The book is mainly written against three important hypotheses in the historiography of organ transplantation. The first hypothesis sees organ transplantation in the context of an ongoing submission and normalisation. The second hypothesis modulates the history of organ transplantation as one of an increasing commodification and commercialisation, whereas the third one sees organ transplantation as an element of the reification of the human body, taking the differentiation of ‘Leib und Körper’ as starting point. This differentiation in the German language is difficult to translate; it might be translated as the difference between the experienced or living body and the physiological or biological body.
Besides published sources Hofmann also integrates unpublished material in his study. The most important corpus stems from the Swiss Academy for the Medical Sciences (SAMW), including protocols and correspondence between 1968–73 and 1994–5 looking at ethical and medical aspects of transplantations. Furthermore, Hofmann used the archive of the foundation ‘Swisstransplant’, sources from two hospitals, two public archives and published material from ‘journalistic’ and popular media. Hofmann sees the inclusion of popular sources like science fiction novels and TV series as one of the key distinctions from other histories of organ transplantation (p. 31).
The book tells the history of organ transplantation three times from a different angle. Firstly, from a inner-medical perspective that focuses on the medical disposition of the organ donation. He thus follows up the question of how organ donation has been interpreted, organised, and practised by the medical actors. Secondly, the focal point is moved to the public. In the realm of the ‘public’, the role of two ‘actor groups’ is analysed: patient organisations and pharmaceutical companies. Thirdly, Hofmann looks at the public discourse on organ donation, but chooses a different point of entry. He analyses the negative views on organ donation associated with coercion, violence, exploitation and the frightening power of medicine. In this chapter Hofmann tells us about histories and pictures of organ trafficking and organ theft. The central question here is: why did a cultural crisis in organ donation occur in the middle of the 1990s? When describing how the 1990s crisis had emerged, Hofmann comes to a very interesting and productive observation: the donor of the organ more and more substituted in several contexts the recipient as the figure of reference. And a fundamental uneasiness facing modern medicine manifested itself behind the interests of self-determination. However, the history of organ transplantation is not a history of increasing biopower in Hofmann’s view. Since the 1980s it has been formed by a liberal form of power that saw the constitutive prerequisite and boundary in the liberty of the subject (p. 293).

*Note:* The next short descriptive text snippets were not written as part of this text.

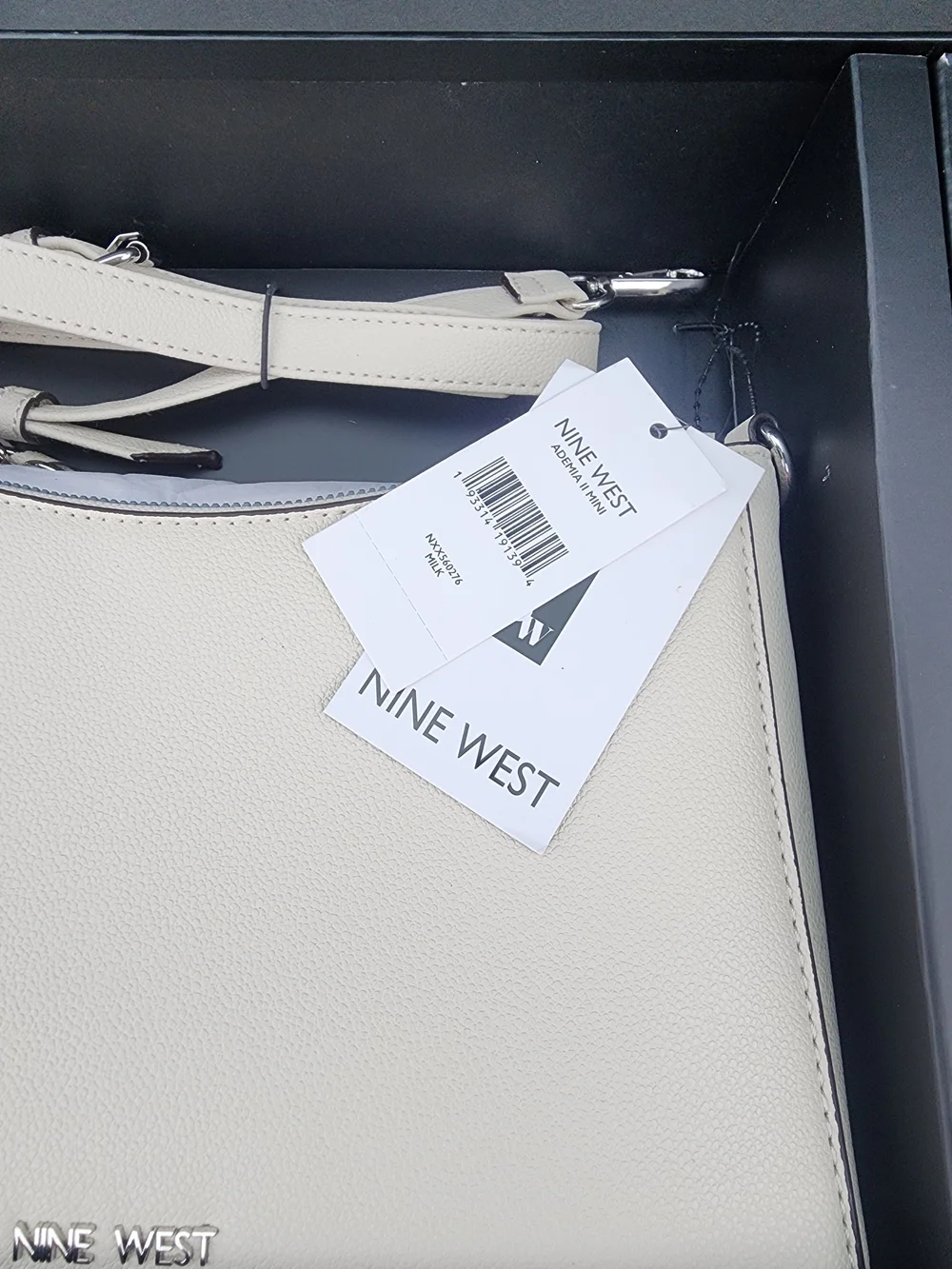 Nine West Cream Crossbody Bag Set with Coin Pouch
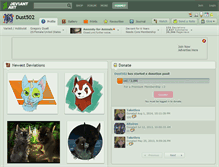 Tablet Screenshot of dust502.deviantart.com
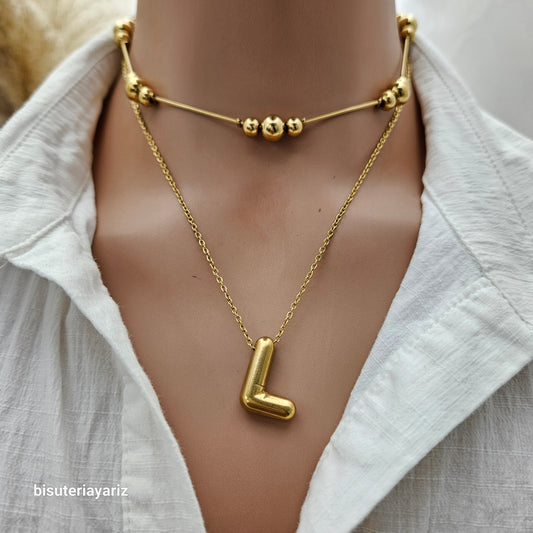 Collar Inicial L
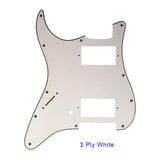 Guitar Pickguard - For FD Strat Left Handed 11 Screw Holes HH PAF Humbucker Scratch Plate 2 Control Holes Various Color Choice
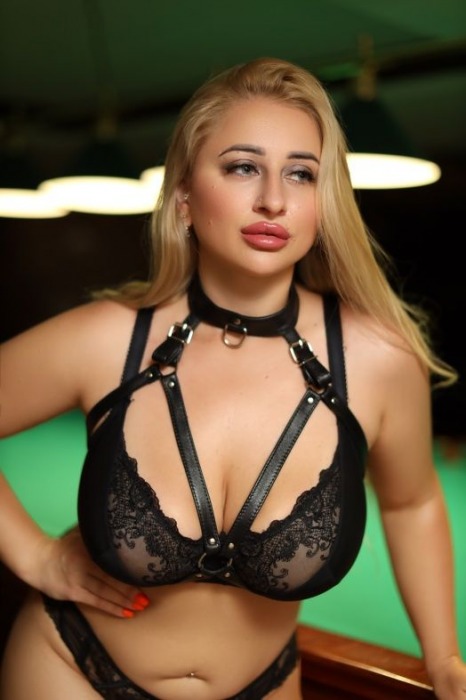 Черная кожаная сбруя с ошейником plus size из нежной кожи - БДСМ Арсенал - купить с доставкой в Ростове-на-Дону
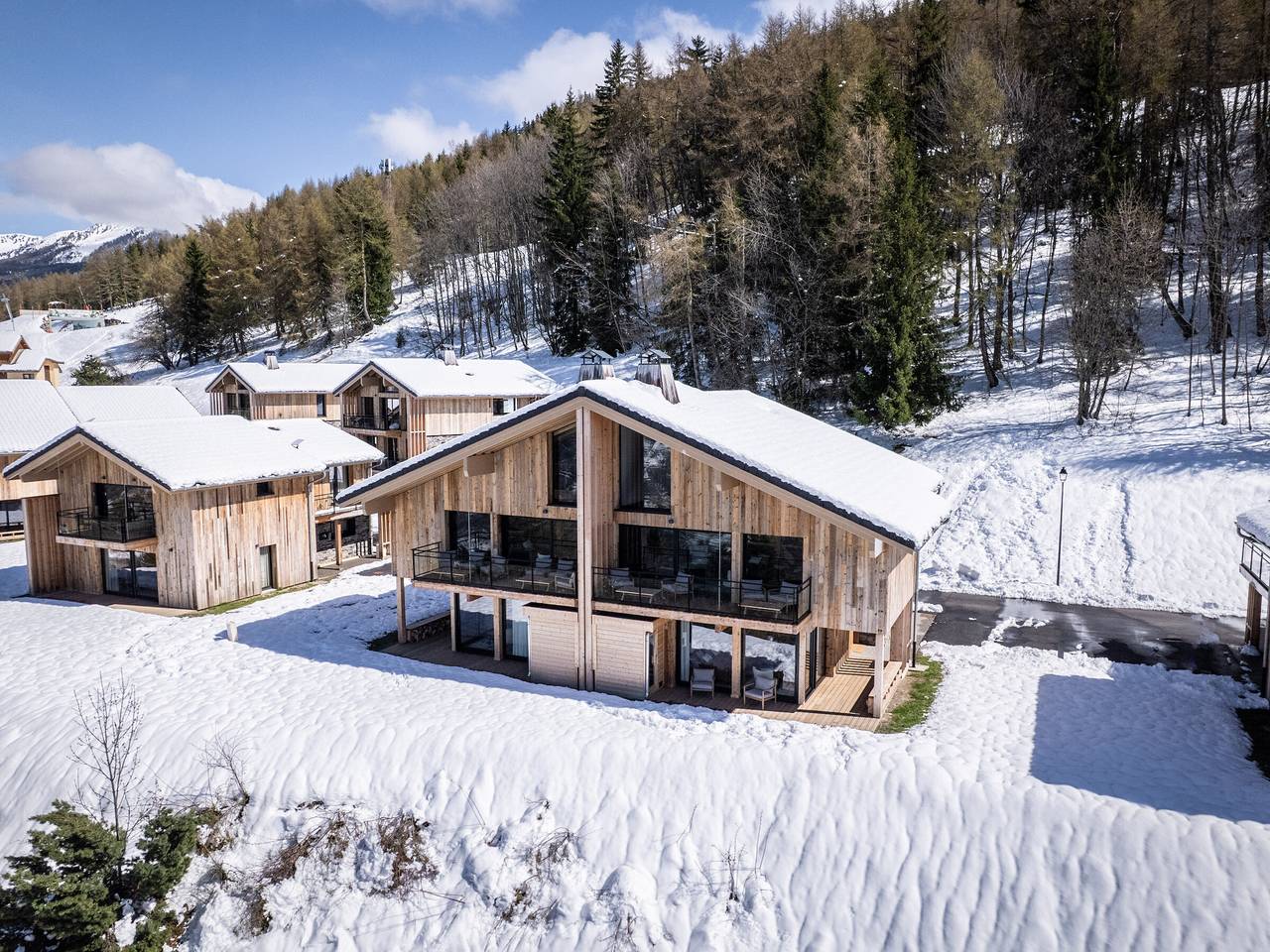 Chalet voor 12 personen met balkon in La Plagne, Aime-la-Plagne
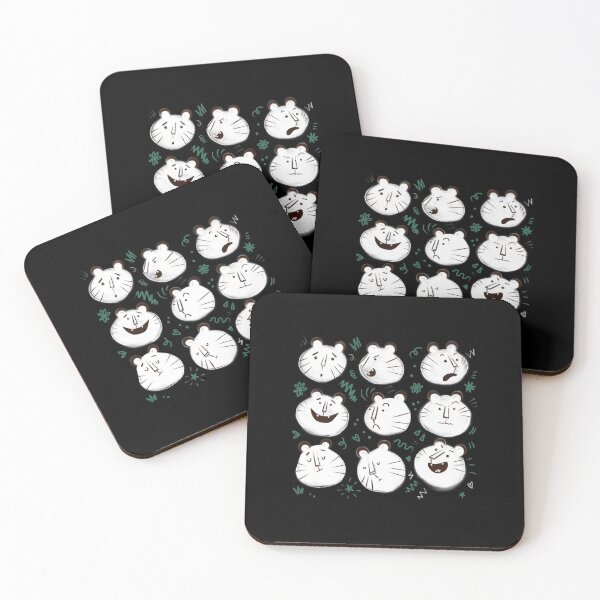Item preview, Many Cute White Tiger faces Tigrrrrs! designed and sold by jasmineberry.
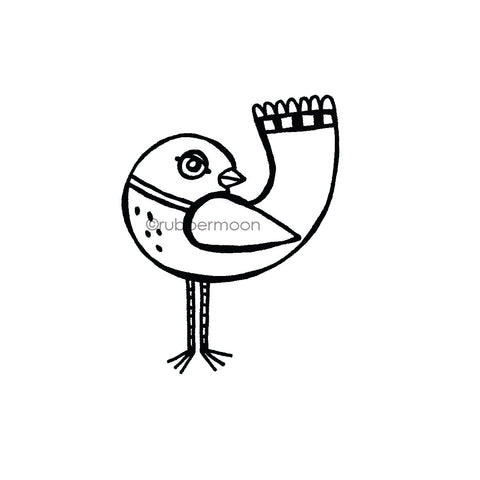 Kim Geiser | KG7444G - Sassy Sparrow - Rubber Art Stamp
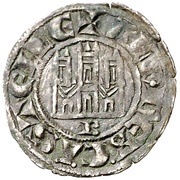 Dinero "prieto" - Alfonso X Burgos obverse image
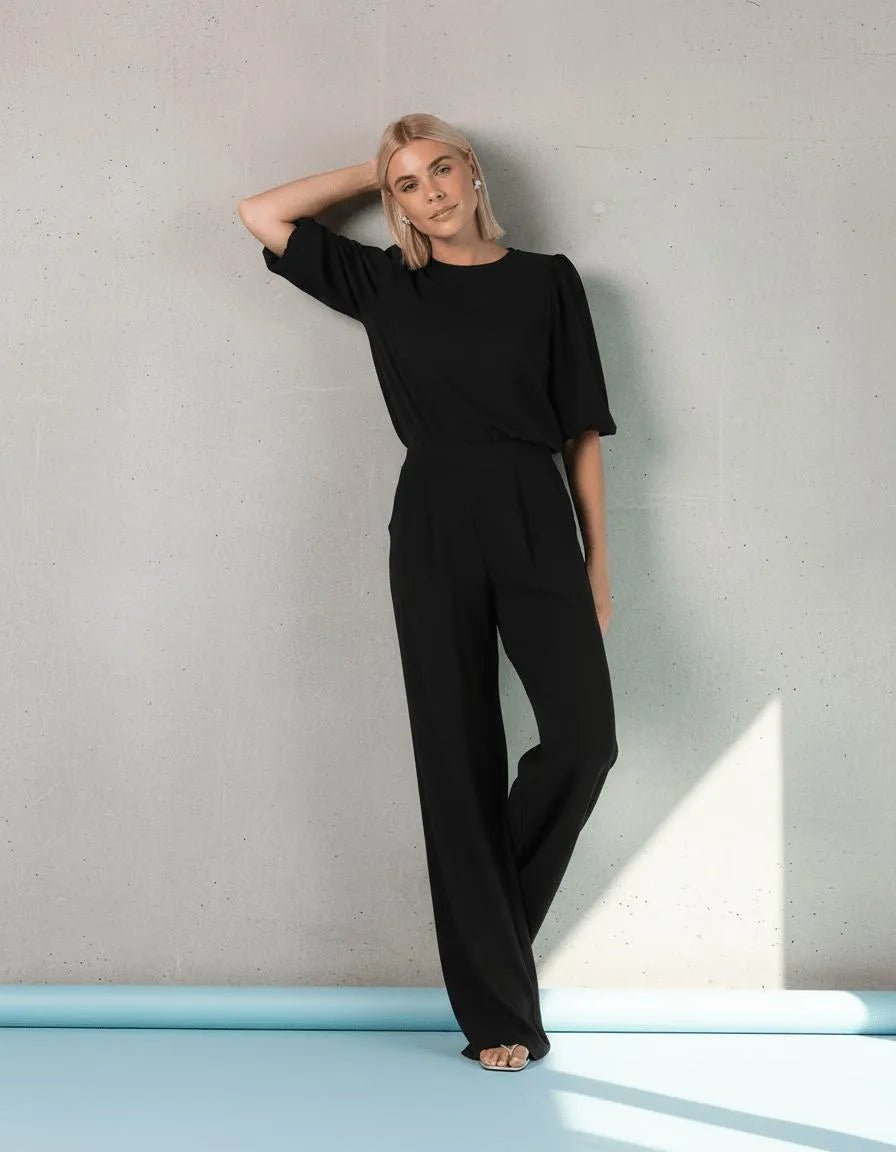 Miss | Pantalon Dames Casual Elegant - Kreukbestendige textureerde stof - Miss Madera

What I liked most is the beginning of the book with a ‘prologue’ about the scandal surrounding the first heart transplant in Switzerland in 1969. Also very interesting are Hofmann’s observations with regard to the ‘ideal donor’ and his reasoning about the moral economies of organ donation. The ideal donor condensed in the public discourse in the virtual figure of the young, healthy and male motorcyclist – ready to take risks. Unfortunately, readers cannot find a hint about the significance of its being a ‘male’ body. Although the book is worth reading by everyone interested in the cultural history of organ transplantation and the place of biomedicine at the end of the twentieth century, it is written in quite a schematic way with a lot of previews and flashbacks. It would have been worth thinking about integrating the three chapters into a more concise research question, which might also have helped to avoid the sometimes annoying switches in time. Readers hardly ever know – except in the prologue – where on the timeline they are. And while the Swiss case is very illustrative for the study of the subtle distinctions of organ donation discourses, the reasoning for just following the ‘Swiss Extra Train’ (‘Schweizer Extrazügli’, p. 47) is not that convincing. To finish with a detail (addressing the publisher): the quality of the pictures could have been better. Nevertheless, the book is enlivened by vivid quotations and to everyone interested in governmentality studies Hofmann’s book presents many precious insights that might change one’s views on submission, reification and commercialisation of physiological and political bodies.